Camp für Digitale Kultur
Im Juli 2022 fand erstmals das Camp für Digitale Kultur unter dem Motto „Digital ist besser?!“ in der Willi-Sitte-Galerie in Merseburg statt. Ziel des zweitägigen Camps war es, diverse Praktiken der Vermittlung digitaler Kultur sichtbar zu machen, auch um unsere eigene Arbeit im Komplexlabor zu reflektieren.
So konnten wir engagierte Akteur*innen, denen wir im Laufe der Arbeit im Komplexlabor Digitale Kultur begegnet sind, zusammenbringen. Theoretiker*innen, Maker*innen, Künstler*innen, Bastler*innen und Pädagog*innen konnten über Aspekte digitaler Kultur ins Gespräch kommen. Diese Erwartungen hat das Camp in unseren Augen absolut erfüllt und wir haben die vielen anregenden Diskussionen, die neuen Kontakte und die Atmosphäre sehr genossen.
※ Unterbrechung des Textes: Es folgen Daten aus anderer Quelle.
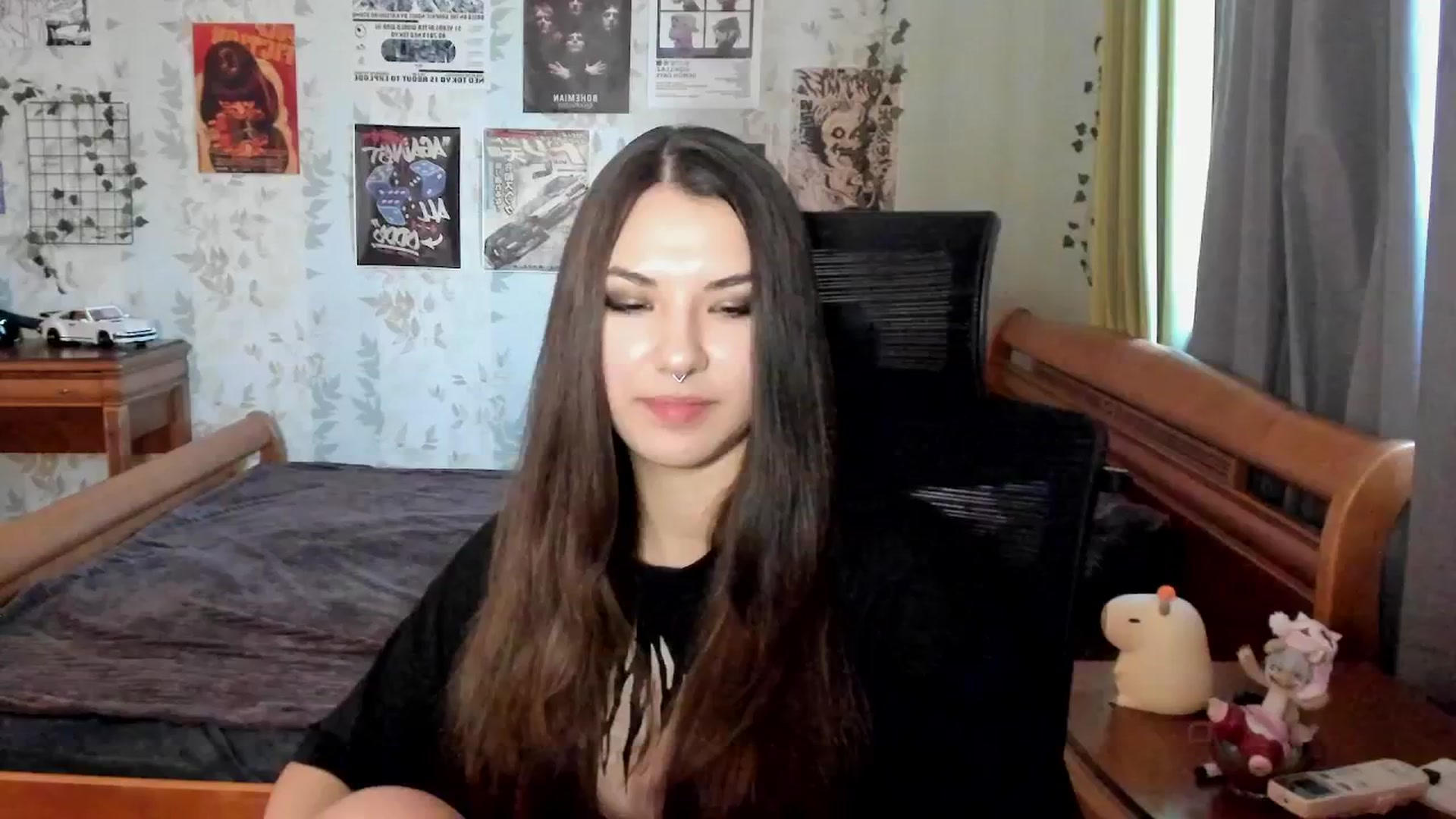 Gallery image thumbnail from AmnesiaGirl1's myfreecams stream on, 10/06/2025, 15:08 image 12 of 20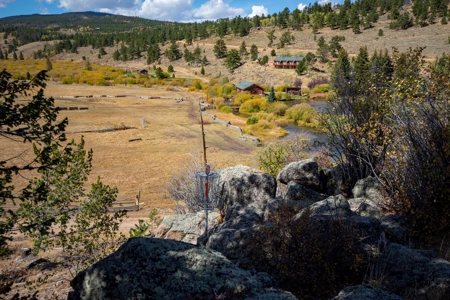 Colorado Mountain Resort - image 5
Wir danken allen Speaker*innen und Teilnehmer*innen, dass Sie mitgeholfen haben diese zwei Tage mit Inhalten und Gesprächen zu füllen.
Die entstandene Publikation können Sie open access http://dx.doi.org/10.25673/97278 als PDF anschauen und speichern.
Programmrückblick
Kern des Programms waren eine Keynote und drei Panels. Die Impulse und Diskussion zu den Schwerpunkten KI-Literacy, VR/XR-Literacy und Maker-Literacy wurden ergänzt durch künstlerische Beiträge sowie praktische Arbeiten, insbesondere der Maker-Kultur. Alle drei Panels wurden von der Kultur- und Medienwissenschaftlerin Sara Morais dos Santos Bruss moderiert.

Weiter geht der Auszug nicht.